**Exercise aim:**
Reproduce the entries below exactly, but only from the line containing "5, GOSFORTH ROAD, BLACKPOOL, FY2" to the line containing "The Bar Cart", inclusive.

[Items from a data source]
- - -

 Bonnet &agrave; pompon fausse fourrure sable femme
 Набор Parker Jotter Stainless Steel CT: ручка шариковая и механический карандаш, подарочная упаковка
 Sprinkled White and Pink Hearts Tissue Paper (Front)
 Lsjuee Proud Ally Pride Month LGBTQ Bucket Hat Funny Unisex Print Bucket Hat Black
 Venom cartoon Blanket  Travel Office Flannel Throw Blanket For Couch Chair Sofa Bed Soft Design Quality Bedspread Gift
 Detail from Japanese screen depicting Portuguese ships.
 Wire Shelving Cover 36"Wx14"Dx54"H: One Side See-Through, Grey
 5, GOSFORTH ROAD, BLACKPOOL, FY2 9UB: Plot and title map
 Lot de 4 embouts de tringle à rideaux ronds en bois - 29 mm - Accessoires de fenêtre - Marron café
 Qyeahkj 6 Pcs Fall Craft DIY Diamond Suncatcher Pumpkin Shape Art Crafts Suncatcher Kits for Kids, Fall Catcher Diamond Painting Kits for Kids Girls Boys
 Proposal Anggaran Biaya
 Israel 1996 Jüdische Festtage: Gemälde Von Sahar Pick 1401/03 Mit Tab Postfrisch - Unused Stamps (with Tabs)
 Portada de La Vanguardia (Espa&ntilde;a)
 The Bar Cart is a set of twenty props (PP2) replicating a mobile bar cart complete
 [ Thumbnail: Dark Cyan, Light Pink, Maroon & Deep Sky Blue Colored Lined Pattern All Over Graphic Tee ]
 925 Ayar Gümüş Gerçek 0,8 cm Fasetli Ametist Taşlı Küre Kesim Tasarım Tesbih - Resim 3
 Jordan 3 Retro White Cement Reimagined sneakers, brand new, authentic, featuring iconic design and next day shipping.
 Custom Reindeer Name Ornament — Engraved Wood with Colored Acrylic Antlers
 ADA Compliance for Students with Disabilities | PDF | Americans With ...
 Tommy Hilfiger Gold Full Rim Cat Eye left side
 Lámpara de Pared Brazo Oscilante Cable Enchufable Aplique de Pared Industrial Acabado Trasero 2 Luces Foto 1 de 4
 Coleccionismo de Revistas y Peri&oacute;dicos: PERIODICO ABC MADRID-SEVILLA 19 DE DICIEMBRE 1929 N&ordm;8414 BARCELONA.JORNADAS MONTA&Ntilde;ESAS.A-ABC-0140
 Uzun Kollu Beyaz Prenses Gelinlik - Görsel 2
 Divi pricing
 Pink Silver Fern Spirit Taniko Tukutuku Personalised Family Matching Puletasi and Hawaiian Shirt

- - -

**Your response:**
 5, GOSFORTH ROAD, BLACKPOOL, FY2 9UB: Plot and title map
 Lot de 4 embouts de tringle à rideaux ronds en bois - 29 mm - Accessoires de fenêtre - Marron café
 Qyeahkj 6 Pcs Fall Craft DIY Diamond Suncatcher Pumpkin Shape Art Crafts Suncatcher Kits for Kids, Fall Catcher Diamond Painting Kits for Kids Girls Boys
 Proposal Anggaran Biaya
 Israel 1996 Jüdische Festtage: Gemälde Von Sahar Pick 1401/03 Mit Tab Postfrisch - Unused Stamps (with Tabs)
 Portada de La Vanguardia (Espa&ntilde;a)
 The Bar Cart is a set of twenty props (PP2) replicating a mobile bar cart complete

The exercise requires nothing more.